* Exercise objective:
Only the lines from the one containing "OEM BRAKE ROTOR DF4472S" through the end of the data below are to be repeated, exactly as given, without pictures.

Top of Data supplied

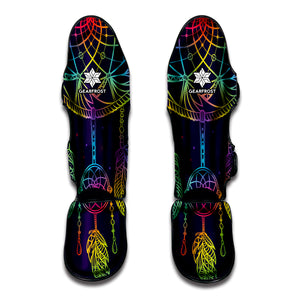 Rainbow Native Dream Catcher Print Muay Thai Shin Guard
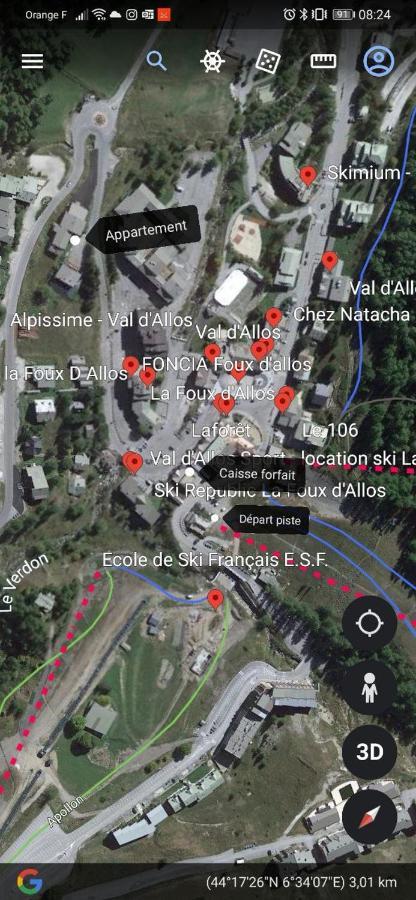 La Foux D'Allos - Studio 4 Couchages, Tres Proche Centre Station Bagian luar foto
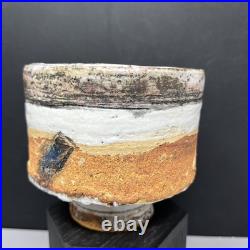 Robin Welch decorated Stoneware Yunomi (tea Bowl) With Foot 10.6cm Diam #2504 Robin Welch decorated Stoneware Yunomi (tea Bowl) With Foot 10.6cm Diam #2504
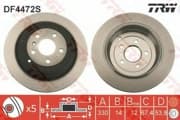 OEM BRAKE ROTOR DF4472S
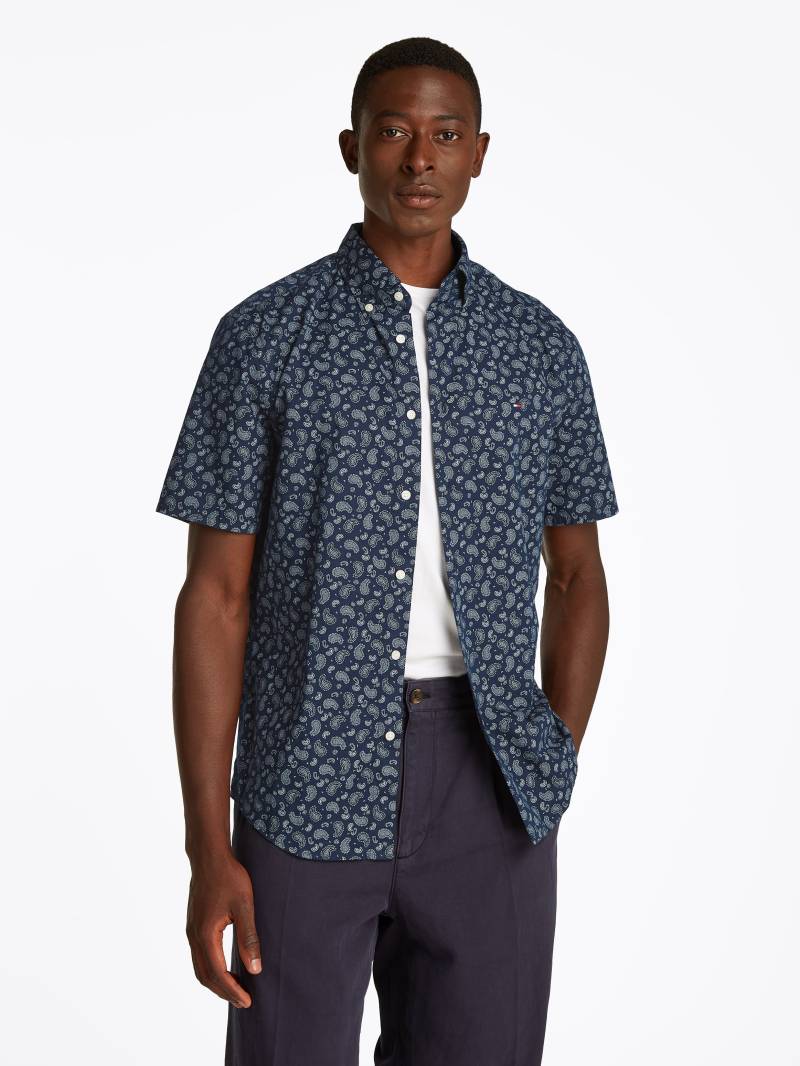 Tommy Hilfiger Kurzarmhemd »COTTON LINEN PAISLEY RF SS SHIRT« von TOMMY HILFIGER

Bottom of Data supplied

* Task result:
 OEM BRAKE ROTOR DF4472S
 Tommy Hilfiger Kurzarmhemd »COTTON LINEN PAISLEY RF SS SHIRT« von TOMMY HILFIGER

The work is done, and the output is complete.